Under the terms of a court-approved settlement agreement, we are 
required to submit the final rule designating critical habitat to the 
Federal Register no later than September 21, 2004.
    Critical habitat receives protection from destruction or adverse 
modification through required consultation under section 7 of the 
Endangered Species Act of 1973, as amended (Act) (16 U.S.C. 1531 et 
seq.), with regard to actions carried out,

[[Page 17636]]

funded, or authorized by a Federal agency.
    Section 4(b)(2) of the Act requires that we designate or revise 
critical habitat based upon the best scientific and commercial data 
available, after taking into consideration the economic or any other 
relevant impact of specifying any particular area as critical habitat. 
Based upon the previously published proposal to designate critical 
habitat for the Klamath River and Columbia River populations of bull 
trout, we have prepared a draft economic analysis of the proposed 
critical habitat designation. The economic analysis of this proposed 
designation of critical habitat suggests that the estimated total 
potential economic costs of the designation may range from $20.4 
million to 31.3 million over a 10-year period, with administrative 
costs for consultations under section 7 of the Act expected to be 
approximately $9.6 million annually, and the estimated total project 
modification costs attributable to section 7 estimated to range from 
$10.8 to $21.7 million per year.

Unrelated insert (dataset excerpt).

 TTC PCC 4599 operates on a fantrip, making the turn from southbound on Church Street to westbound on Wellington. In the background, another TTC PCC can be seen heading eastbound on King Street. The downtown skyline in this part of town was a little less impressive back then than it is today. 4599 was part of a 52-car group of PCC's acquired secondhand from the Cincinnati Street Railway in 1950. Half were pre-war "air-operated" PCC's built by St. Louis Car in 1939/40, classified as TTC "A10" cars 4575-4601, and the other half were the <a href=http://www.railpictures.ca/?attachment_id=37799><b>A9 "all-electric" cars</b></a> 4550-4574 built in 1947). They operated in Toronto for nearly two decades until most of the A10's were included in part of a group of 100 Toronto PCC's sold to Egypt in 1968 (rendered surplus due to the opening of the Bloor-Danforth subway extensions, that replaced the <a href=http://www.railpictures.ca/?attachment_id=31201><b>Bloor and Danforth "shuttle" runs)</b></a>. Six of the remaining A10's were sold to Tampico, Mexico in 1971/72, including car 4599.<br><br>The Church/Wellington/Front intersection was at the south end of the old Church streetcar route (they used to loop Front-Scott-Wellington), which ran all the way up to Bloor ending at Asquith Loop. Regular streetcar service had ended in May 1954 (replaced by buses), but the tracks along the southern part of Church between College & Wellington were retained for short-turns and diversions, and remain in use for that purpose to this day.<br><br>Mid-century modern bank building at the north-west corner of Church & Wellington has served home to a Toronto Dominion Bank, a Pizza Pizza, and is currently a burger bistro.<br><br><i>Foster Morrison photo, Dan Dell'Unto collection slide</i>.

The draft analysis is available on the 
Internet and from the mailing address in the ADDRESSES section above.


    The primary author of this notice is Barbara Behan, U.S. Fish and 
Wildlife Service (see ADDRESSES section).

    Authority: The authority for this action is the Endangered 
Species Act of 1973 (16 U.S.C. 1531 et seq.).

    Dated: March 26, 2004.
Craig Manson,
Assistant Secretary for Fish and Wildlife and Parks.